Long Now Board Member David Eagleman recently had a very unusual visitor at his lab. At three thousand years of age, this is by far the oldest person Eagleman has ever put through a scanner. Neshkons is an Egyptian mummy, exhumed from Luxor in the 19th century and recently acquired by an acquaintance of Eagleman’s. It turns out that scanning a mummy presents some interesting problems (and neuroscientific disappointments, such as having had his brain removed through his nostrils with a hook at death). Eagleman described the challenges in a blog post:

First, for those of you who know my lab, you’ll know that we employ magnetic resonance imaging (MRI) when trying to decipher the human brain. So this was my first plan for the mummy.  But there was a big concern here: the possibility that Neskhons had, enfolded in his ancient, never-unwrapped linens, a hunk of metal.  That would spell bad news for the MRI, which is a giant magnet. […]
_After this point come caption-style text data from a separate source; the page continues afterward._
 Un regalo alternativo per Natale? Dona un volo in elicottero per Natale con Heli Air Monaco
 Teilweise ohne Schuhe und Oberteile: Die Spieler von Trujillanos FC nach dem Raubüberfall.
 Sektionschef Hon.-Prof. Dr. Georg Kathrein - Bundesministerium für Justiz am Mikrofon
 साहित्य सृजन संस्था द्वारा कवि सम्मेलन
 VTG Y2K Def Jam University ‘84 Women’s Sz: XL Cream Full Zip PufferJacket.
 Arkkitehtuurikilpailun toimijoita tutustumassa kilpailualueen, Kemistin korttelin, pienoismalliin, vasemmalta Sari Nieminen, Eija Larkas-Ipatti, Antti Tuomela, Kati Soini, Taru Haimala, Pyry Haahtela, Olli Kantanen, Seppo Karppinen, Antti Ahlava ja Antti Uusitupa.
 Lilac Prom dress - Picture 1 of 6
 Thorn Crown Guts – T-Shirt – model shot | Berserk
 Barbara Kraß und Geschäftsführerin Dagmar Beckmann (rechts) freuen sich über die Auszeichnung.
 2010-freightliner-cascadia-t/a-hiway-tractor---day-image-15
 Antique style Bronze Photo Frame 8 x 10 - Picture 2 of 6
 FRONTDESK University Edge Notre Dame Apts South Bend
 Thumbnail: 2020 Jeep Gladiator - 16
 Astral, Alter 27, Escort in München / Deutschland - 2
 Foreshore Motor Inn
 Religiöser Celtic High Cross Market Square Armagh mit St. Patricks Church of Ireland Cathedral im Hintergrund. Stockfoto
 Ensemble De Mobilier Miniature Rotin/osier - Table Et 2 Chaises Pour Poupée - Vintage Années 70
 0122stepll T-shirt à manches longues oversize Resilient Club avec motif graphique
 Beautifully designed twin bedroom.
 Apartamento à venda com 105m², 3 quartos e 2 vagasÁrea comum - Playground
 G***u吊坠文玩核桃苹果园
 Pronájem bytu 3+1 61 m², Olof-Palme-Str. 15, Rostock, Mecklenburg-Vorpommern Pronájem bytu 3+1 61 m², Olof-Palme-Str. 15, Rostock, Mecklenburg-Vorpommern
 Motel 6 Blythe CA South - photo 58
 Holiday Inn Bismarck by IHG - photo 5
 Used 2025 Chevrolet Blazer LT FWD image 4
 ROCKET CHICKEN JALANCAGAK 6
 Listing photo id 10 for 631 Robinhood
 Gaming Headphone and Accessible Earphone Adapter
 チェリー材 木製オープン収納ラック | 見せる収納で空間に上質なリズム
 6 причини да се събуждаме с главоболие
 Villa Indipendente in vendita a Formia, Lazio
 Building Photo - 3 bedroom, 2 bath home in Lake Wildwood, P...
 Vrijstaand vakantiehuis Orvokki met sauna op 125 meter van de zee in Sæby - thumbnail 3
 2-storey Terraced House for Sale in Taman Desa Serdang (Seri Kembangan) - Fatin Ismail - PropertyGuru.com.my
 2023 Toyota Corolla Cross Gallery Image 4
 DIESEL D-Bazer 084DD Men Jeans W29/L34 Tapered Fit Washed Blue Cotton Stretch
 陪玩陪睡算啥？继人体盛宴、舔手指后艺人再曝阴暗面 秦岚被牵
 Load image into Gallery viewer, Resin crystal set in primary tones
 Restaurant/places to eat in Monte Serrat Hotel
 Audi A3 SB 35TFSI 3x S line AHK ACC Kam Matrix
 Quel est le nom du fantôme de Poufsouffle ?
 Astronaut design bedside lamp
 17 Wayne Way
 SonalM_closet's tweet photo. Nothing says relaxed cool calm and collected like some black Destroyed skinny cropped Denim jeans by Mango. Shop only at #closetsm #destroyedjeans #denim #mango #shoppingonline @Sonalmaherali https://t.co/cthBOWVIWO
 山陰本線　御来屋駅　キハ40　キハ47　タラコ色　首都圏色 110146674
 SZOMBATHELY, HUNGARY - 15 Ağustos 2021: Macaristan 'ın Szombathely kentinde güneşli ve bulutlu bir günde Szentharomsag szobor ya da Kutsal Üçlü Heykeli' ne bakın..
And there was a second problem. MRI scanners work, in part, by detecting changes in electron spin in fluids in tissue and bone. Neskhons had no fluid at all.

In the end, Eagleman’s team performed a CT scan, “a series of X-rays taken from all different angles and then reconstructed into a 3-dimensional whole.” The results were fantastic, with high-resolution 3-dimensional images of a body still hidden inside its linen cocoon after three millennia. (Except for its head, which was laid bare at an “unwrapping party” in Cleveland in 1900.) The mummy is currently on display at the Museum of Fine Arts in Houston, Texas.

Neskhons’ sarcophagus […] is vividly painted with scenes about the afterlife. He presumably wouldn’t have guessed that his body’s afterlife would take place in a transparent case in a foreign land known as Houston, Texas, among tall and long-living people with magical tubes that have the power to peer into hidden dimensions of a body and reconstruct it at 1.5 millimeter resolution.  For this reason and others, we treated the occasion with the respect and solemnity. After all, who knows where our bodies will end up in 3,000 years hence? Who will be looking at our empty hulls, and what technologies will they employ to reconstruct the details of our lives?